Turkey has reportedly dispatched a convoy of over 40 military vehicles and tanks to the southern regions along the Syrian frontier amid growing Ankara-Washington tensions over a US plan to create a “border force” at Turkey’s doorstep. Military sources, speaking on condition of anonymity, told Turkey’s state-run Anadolu Agency on Monday that two dozen armored vehicles had entered the Reyhanli district of Turkey’s Hatay Province with military jammer vehicles “for reinforcement reasons.”
Another 20-vehicle military convoy, including tanks, had also arrived in the Viransehir district of Turkey’s Sanliurfa Province to provide assistance to the military units already deployed to the Syrian border, the sources added. The US infuriated its NATO partner Turkey on Sunday by announcing that Washington and a coalition of its allies purportedly fighting Daesh will work with US-backed militants of the so-called Syrian Democratic Forces (SDF) to set up a new 30,000-strong “border security” force.

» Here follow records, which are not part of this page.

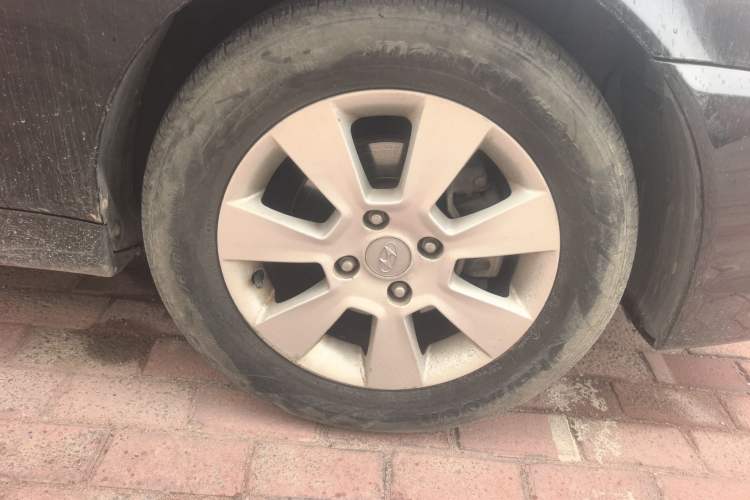 Used Hyundai MoInca 2009 1.8L Manual Comfort Edition GL Right Front Wheel Hub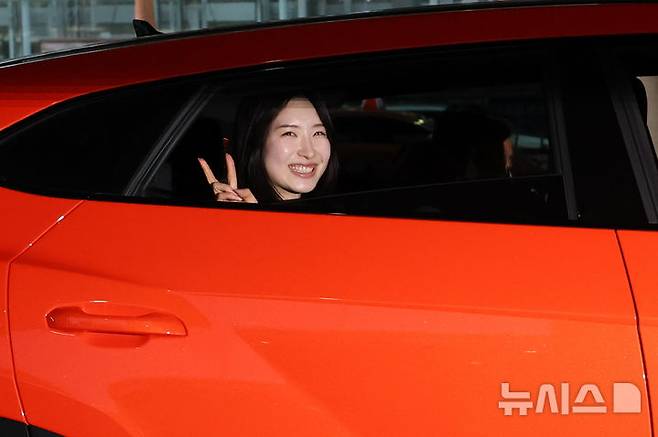 [인천공항=뉴시스] 권창회 기자 = 2026 밀라노-코르티나 동계올림픽 금메달리스트 김길리가 24일 오후 인천국제공항 제2여객터미널에서 람보르기니 우르스 차량을 타고 떠나고 있다. 람보르기니 공식 딜러사 람보르기니 서울은 이날 귀국하는 김길리 선수를 위해 특별 의전 차량을 제공했다. 2026.02.24. kch0523@newsis.com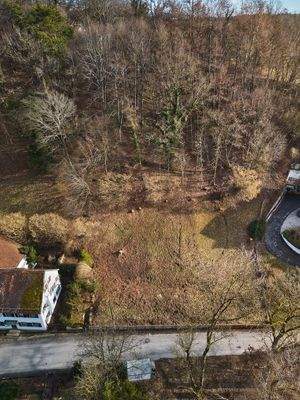 Blick auf Grundstück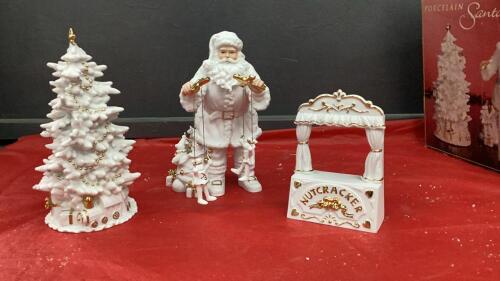 WHITE PORCELAIN SANTA PUPPETEER W/ CHRISTMAS TREE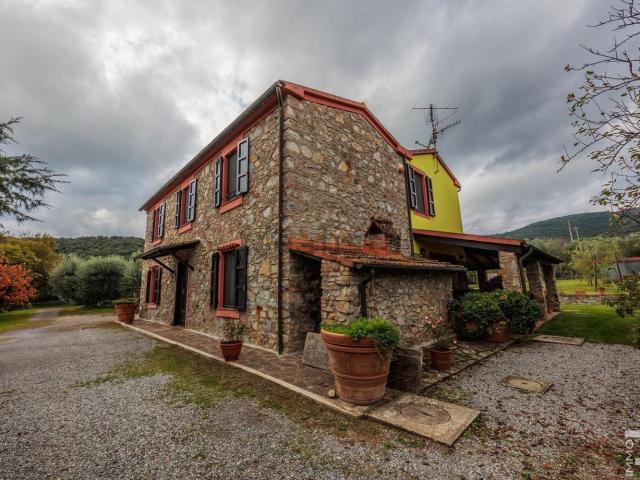 Rustico in vendita a Bivio di Ravi, Bivio Di Ravi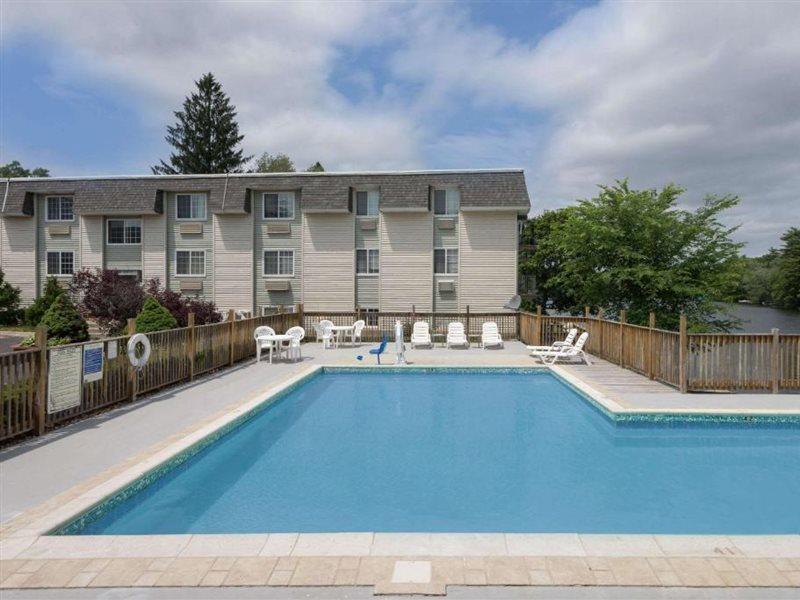 Hotel Super 8 By Wyndham Sturbridge Esterno foto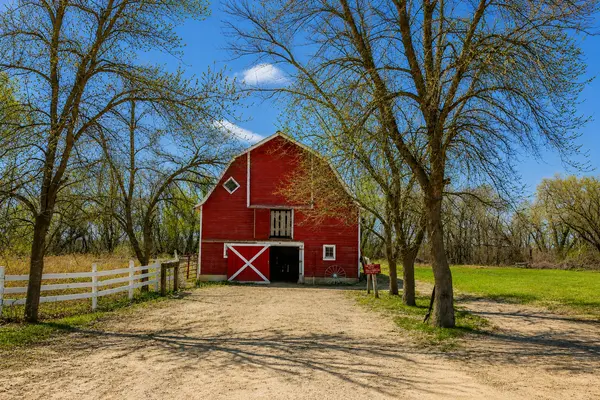 1979 175th AVE, Hallock, MN 56728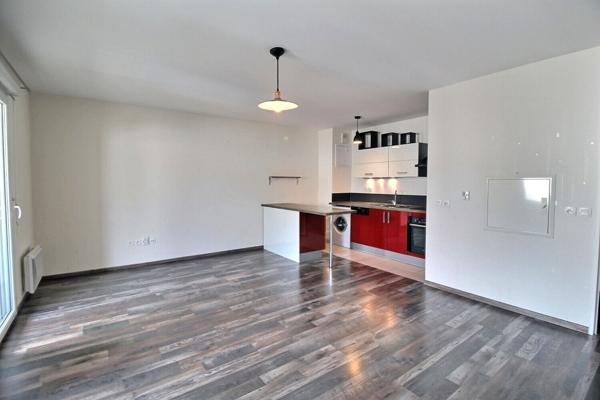 Appartement F2 avec balcon et place de parking a Epernon secteur gare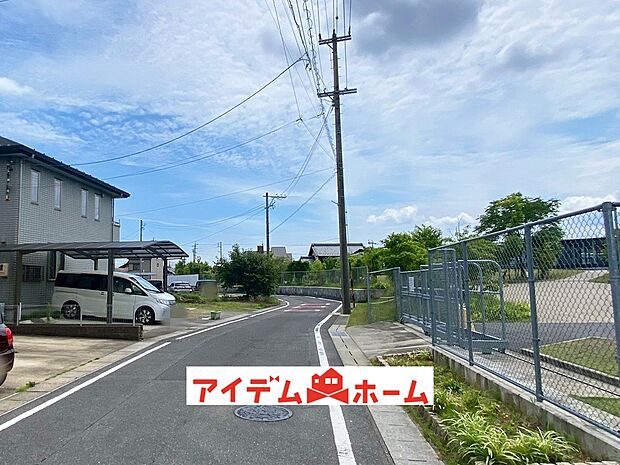 【前面道路】休日、平日問わずお気軽にお問合せください。年末年始以外毎日営業中♪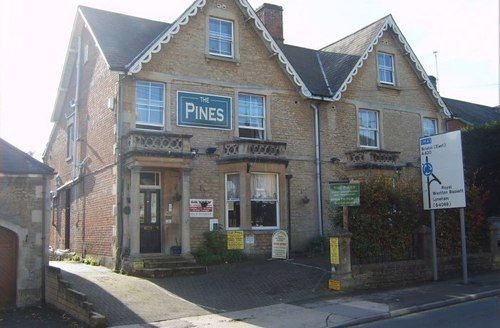 The Pines Guest Accommodation Чипенъм Екстериор снимка
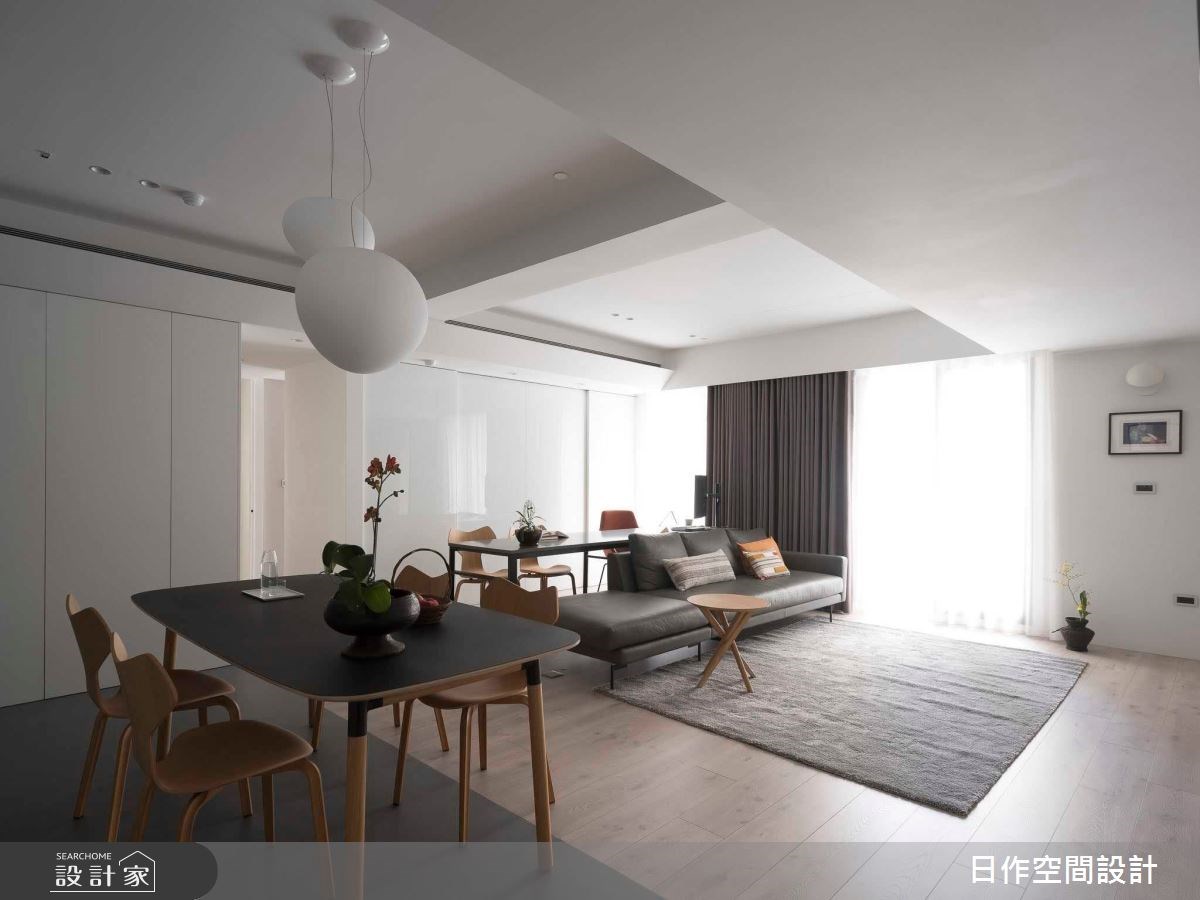 住著2大2小的40坪親子宅，不像常見的繽紛童趣，反而選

The force would operate along the Turkish border with Iraq and within Syria along the Euphrates River.
Washington also said it is supplying weapons and training to anti-Damascus militants of the Kurdish People’s Protection Units (YPG), the SDF’s main backbone. Turkey views the YPG as a terrorist group and the Syrian arm of the homegrown Kurdistan Workers’ Party (PKK), which has been fighting for independence over the past decades. The US had promised to take back the weapons from Kurdish militants once Daesh falls. Reacting to the US military’s announcement, Turkish President Recep Tayyip Erdogan said Washington is “building an army of terror” on the border with Syria,” and that “it is our responsibility to suffocate this effort before it is born.”